To illustrate the use of this model, let’s understand the model in context of a word count model. The first lines DataFrame is the input table, and the final wordCounts DataFrame is the result table. Note that the query on streaming lines DataFrame to generate wordCounts is exactly the same as it would be a static DataFrame. However, when this query is started, Spark will continuously check for new data from the socket connection. If there is new data, Spark will run an “incremental” query that combines the previous running counts with the new data to compute updated counts, as shown below.

![example](https://spark.apache.org/docs/latest/img/structured-streaming-example-model.png)




Event-time is the time embedded in the data itself. For many applications, you may want to operate on this event-time.

For example, if you want to get the number of events generated by IoT devices every minute, then you probably want to use the time when the data was generated (that is, event-time in the data), rather than the time Spark receives them.

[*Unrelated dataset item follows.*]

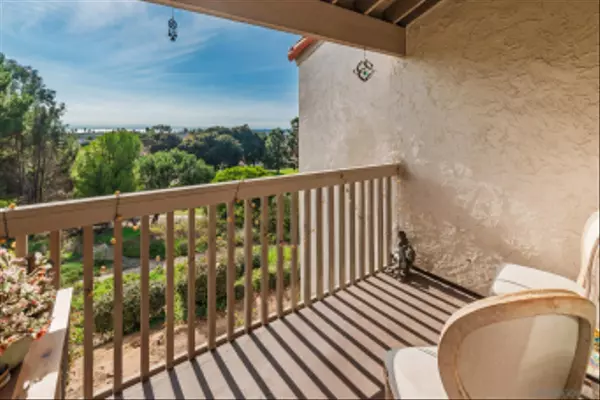 Carlsbad, CA 92011,907 Caminito Estrada #E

This event-time is very naturally expressed in this model – each event from the devices is a row in the table, and event-time is a column value in the row. This allows window-based aggregations (e.g. number of events every minute) to be just a special type of grouping and aggregation on the event-time column – each time window is a group and each row can belong to multiple windows/groups. Therefore, such event-time-window-based aggregation queries can be defined consistently on both a static dataset (e.g. from collected device events logs) as well as on a data stream, making the life of the user much easier.

Furthermore, this model naturally handles data that has arrived later than expected based on its event-time. Since Spark is updating the Result Table, it has full control over updating old aggregates when there is late data, as well as cleaning up old aggregates to limit the size of intermediate state data.

In [None]:
pizza_df = spark.readStream.format('kafka')\
    .options(**options)\
    .load()

In [None]:
pizza_df.isStreaming

In [None]:
pizza_df.printSchema()

In [None]:
parsed_df = pizza_df.select("timestamp", from_json(col("value").cast("string"), order_schema).alias("value"))

In [None]:
parsed_df.writeStream.format("console").start()

In [None]:
parsed_df.printSchema()

In [None]:
query = parsed_df.where("value.cost > 10")

In [None]:
query = parsed_df \
    .writeStream \
    .format("console") \
    .start()

query.awaitTermination() # stops the script from exiting
# query.isActive
# query.recentProgress
# query.stop()

In [None]:
query.recentProgress

### In the next few cells, we will provide a complete example of counting the number of pizza shops with orders, as the orders stream in.

In [None]:
# First check if any streams are active
spark.streams.active

In [None]:
# If there are any active streams, stop them
for q in spark.streams.active:
    print(f"Stopping query: {q.name}")
    q.stop()

In [None]:
# Complete example with counting
pizza_df = spark.readStream.format('kafka')\
    .options(**options)\
    .load()

parsed_df = pizza_df.select("timestamp", from_json(col("value").cast("string"), order_schema).alias("value")) #.groupBy("value.shop").count()

shop_counts = parsed_df.groupBy("value.shop").count()

# outputMode("complete") rewrites all aggregated results every trigger — good for full snapshots.
# outputMode("update") - only updated rows are written
query = shop_counts \
    .writeStream \
    .outputMode("complete") \
    .format("console") \
    .start()

query.awaitTermination()

In [None]:
query.stop()

In [None]:
query.recentProgress

You have come to the end of this exercise.

To delete the Kafka topic `pizza-orders`, use the command below in your terminal:

`./kafka-topics.sh --delete --topic pizza-orders --bootstrap-server localhost:9092`

To exit Kafka in your terminal, type `exit`.